De cada 10 casos de discriminação no esporte, 9 estão no futebol
Em estádios e quadras de todo o país, ao menos 69 profissionais da cadeia esportiva foram alvo de discriminação racial, LGBTIfobia, machismo e xenofobia em 2017. Também no ano passado, oito atletas brasileiros passaram por algum tipo de hostilidade ao participar de competições no exterior.
Estes dados constam do Relatório Anual da Discriminação Racial no Futebol, fruto de uma parceria entre pesquisadores da Universidade Federal do Rio Grande do Sul (UFRGS) e o Observatório da Discriminação Racial no Futebol.
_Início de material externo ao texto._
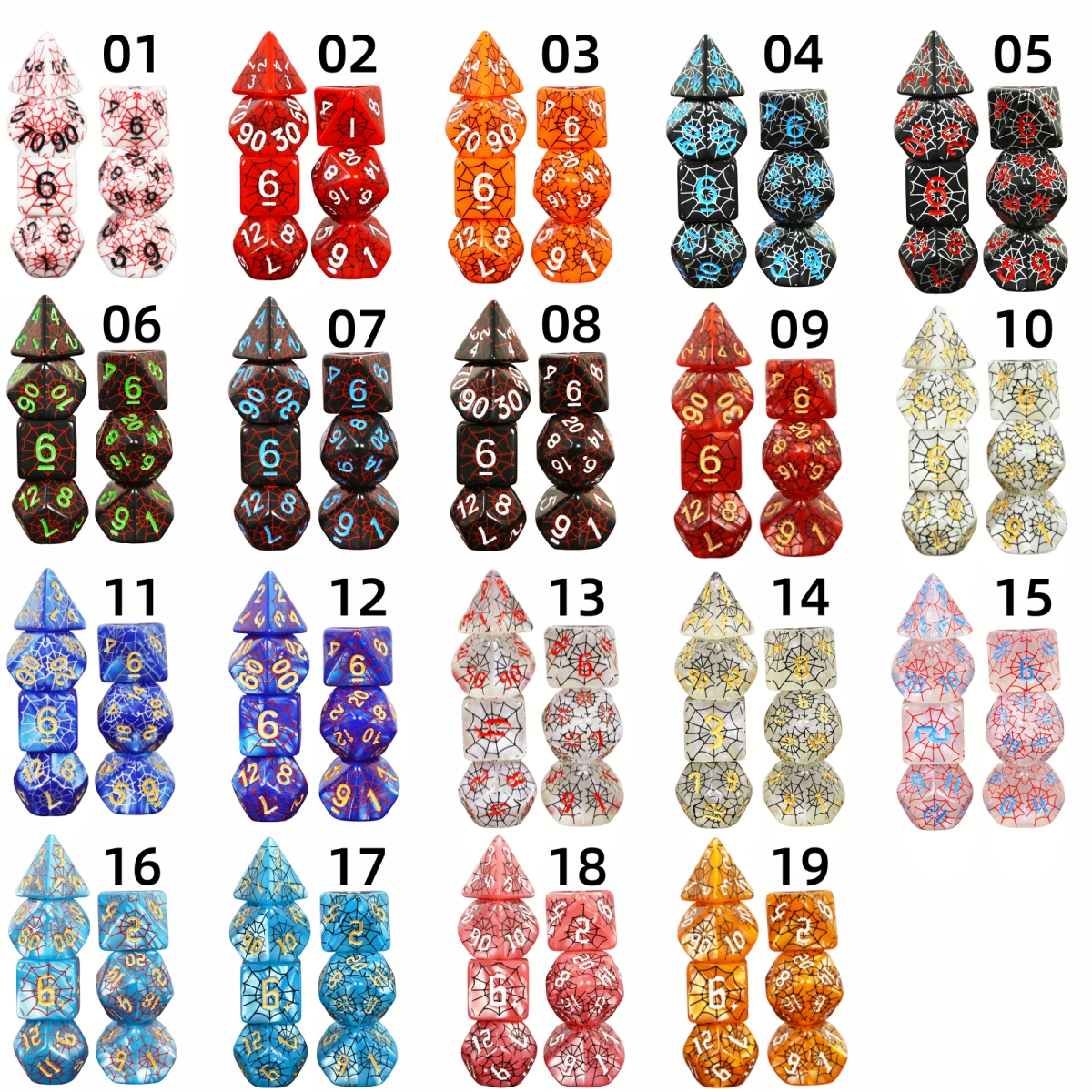 DND Dice Set 7pcs D4-D20 Polyh - Board Game Web recension och pris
Elaborado com base em reportagens da imprensa nacional e internacional – às vezes enviadas pelas redes sociais por colaboradores voluntários –-, o documento, que está na quarta edição, está sendo lançado oficialmente hoje (29), em Porto Alegre.
Para Marcelo Carvalho, criador do observatório, as conclusões do estudo tiram o campo de futebol do pódio de espaços que disseminam a tolerância, já que este se destacou como o principal cenário das segregações, vinculando-se a 61 (88,4%) dos casos detectados no Brasil.
Foi por desconfiar de que o respeito à diversidade existe, muitas vezes, somente no plano da aparência que o administrador de empresas decidiu investigar a fundo a questão. “O que me chamou a atenção foi a falácia de que o futebol é o espaço mais democrático da sociedade brasileira, onde brancos e negros têm as mesmas oportunidades. Parando para analisar, vi que não é verdade, porque dentro dos clubes não tem negros como técnicos, nem em cargos de comando”, afirmou.
Segundo Carvalho, a alta incidência de atos discriminatórios no futebol talvez se explique pela ampla cobertura midiática reservada a esta modalidade esportiva. Reconhecendo que isso pode se refletir nos resultados do levantamento, já que a metodologia dos pesquisadores abrange a análise de notícias, ele diz que há um ponto positivo na atenção despendida ao futebol. “Fala-se, em 95% do tempo, sobre futebol. Por causa do status que tem, tanto de mídia como econômico. E acaba que ele é mais vigiado,”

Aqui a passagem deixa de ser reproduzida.